A few weeks ago, in windswept North Cornwall, I played my second ever game of padel tennis – and my first in 40 years. My original initiation was on a sun-drenched court in Andalusia with an old tennis mucker Judy Congdon, later Spanish ladies' padel champion, thanks to remorseless consistency and low cunning.
The Cornish outing, a 'cruel but fair' doubles with three tennis and Real Tennis buffs with a 'die-for-the-Emperor' approach, was exhilarating, if somewhat crude. Thwacking the bouncy ball over a net and around the back and side walls of the enclosed court with solid paddles, like large table tennis bats, we ran like rabbits for three hours, eventually collapsing in a giggling heap. It was huge fun and even at our rudimentary level, we could instantly play a hard-fought match.

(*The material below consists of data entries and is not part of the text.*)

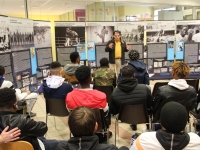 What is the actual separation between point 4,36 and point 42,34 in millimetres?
1788

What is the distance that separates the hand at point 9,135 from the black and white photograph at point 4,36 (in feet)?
8.23

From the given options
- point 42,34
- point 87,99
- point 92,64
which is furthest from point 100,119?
point 92,64

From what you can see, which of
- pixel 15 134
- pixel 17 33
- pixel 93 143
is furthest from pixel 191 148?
pixel 17 33

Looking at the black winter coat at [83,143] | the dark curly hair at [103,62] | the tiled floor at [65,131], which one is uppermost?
the dark curly hair at [103,62]

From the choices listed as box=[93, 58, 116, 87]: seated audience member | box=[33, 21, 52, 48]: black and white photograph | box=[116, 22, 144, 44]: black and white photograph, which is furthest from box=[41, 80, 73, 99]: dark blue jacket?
box=[116, 22, 144, 44]: black and white photograph

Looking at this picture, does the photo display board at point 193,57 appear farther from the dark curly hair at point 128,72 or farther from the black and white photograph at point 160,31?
the dark curly hair at point 128,72

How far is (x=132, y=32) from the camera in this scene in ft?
21.5

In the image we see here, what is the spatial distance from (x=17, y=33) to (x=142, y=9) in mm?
7781

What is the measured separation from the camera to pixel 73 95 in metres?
2.44

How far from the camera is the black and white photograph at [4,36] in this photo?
373 centimetres

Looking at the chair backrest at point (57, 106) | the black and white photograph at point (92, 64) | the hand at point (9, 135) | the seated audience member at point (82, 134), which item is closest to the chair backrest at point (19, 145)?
the hand at point (9, 135)

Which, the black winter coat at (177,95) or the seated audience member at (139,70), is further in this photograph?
the seated audience member at (139,70)

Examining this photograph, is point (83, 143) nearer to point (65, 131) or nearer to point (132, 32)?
point (65, 131)

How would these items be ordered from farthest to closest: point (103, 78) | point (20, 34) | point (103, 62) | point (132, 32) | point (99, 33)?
point (132, 32), point (99, 33), point (20, 34), point (103, 62), point (103, 78) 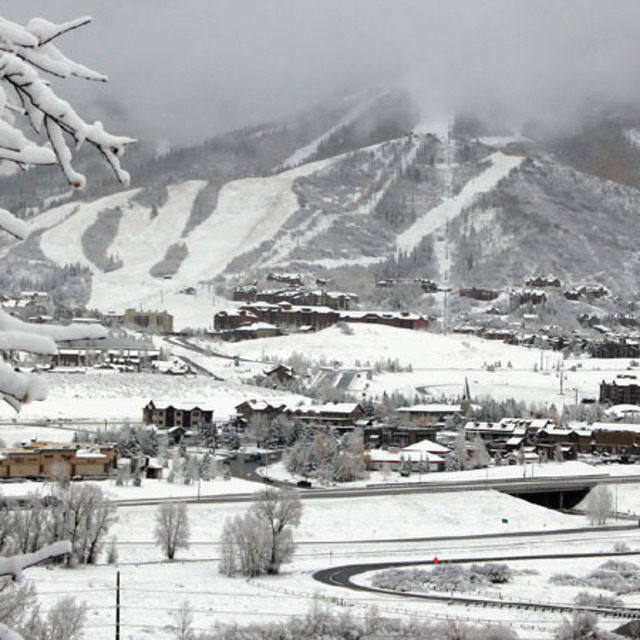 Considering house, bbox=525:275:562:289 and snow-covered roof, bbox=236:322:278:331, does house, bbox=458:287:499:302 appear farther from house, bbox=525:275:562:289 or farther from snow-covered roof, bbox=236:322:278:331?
snow-covered roof, bbox=236:322:278:331

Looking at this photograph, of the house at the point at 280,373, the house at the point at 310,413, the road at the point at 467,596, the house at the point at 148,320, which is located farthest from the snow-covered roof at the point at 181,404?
the house at the point at 148,320

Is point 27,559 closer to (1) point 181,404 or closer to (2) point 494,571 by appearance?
(2) point 494,571

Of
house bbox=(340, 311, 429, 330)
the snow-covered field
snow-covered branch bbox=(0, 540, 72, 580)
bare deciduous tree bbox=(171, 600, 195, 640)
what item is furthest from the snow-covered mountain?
snow-covered branch bbox=(0, 540, 72, 580)

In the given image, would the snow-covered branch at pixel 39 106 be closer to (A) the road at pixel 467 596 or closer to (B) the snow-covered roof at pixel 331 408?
(A) the road at pixel 467 596

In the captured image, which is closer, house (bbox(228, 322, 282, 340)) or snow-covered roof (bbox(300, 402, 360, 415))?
snow-covered roof (bbox(300, 402, 360, 415))

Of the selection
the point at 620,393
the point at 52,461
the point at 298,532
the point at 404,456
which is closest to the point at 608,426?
the point at 404,456

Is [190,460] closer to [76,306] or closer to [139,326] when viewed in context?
[139,326]

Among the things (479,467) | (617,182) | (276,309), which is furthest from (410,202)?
(479,467)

Happy days, you'd think. But as President of Warwickshire Tennis, I hear endless club officials bewailing the rise of this cuckoo in the nest. The LTA has embraced padel warmly, directing county associations to divert sparse funds to build padel facilities. It's irresistible for cash-strapped tennis clubs as padel courts, costing as little as £45,000 are heavily used and a licence to print money. The LTA evidently believed padel would act as a gateway drug to the more complex and technical sport of tennis.
Wrong. Too often talented youngsters try padel, get an immediate buzz and stay with it for life. It's hard enough to attract working-class kids into tennis – though Davis Cup hero Dan Evans, Warwickshire's favourite scamp, would make the perfect poster boy for this. The tennis equivalent of 'The Victor' comic's 'Alf Tupper, the Tough of the Track', Evans's silky skills, nurtured in the mean streets of Hall Green, have brought him undreamed of fame – and the national game is missing a trick if it doesn't exploit his 'bad boy' allure – just don't let him take up padel!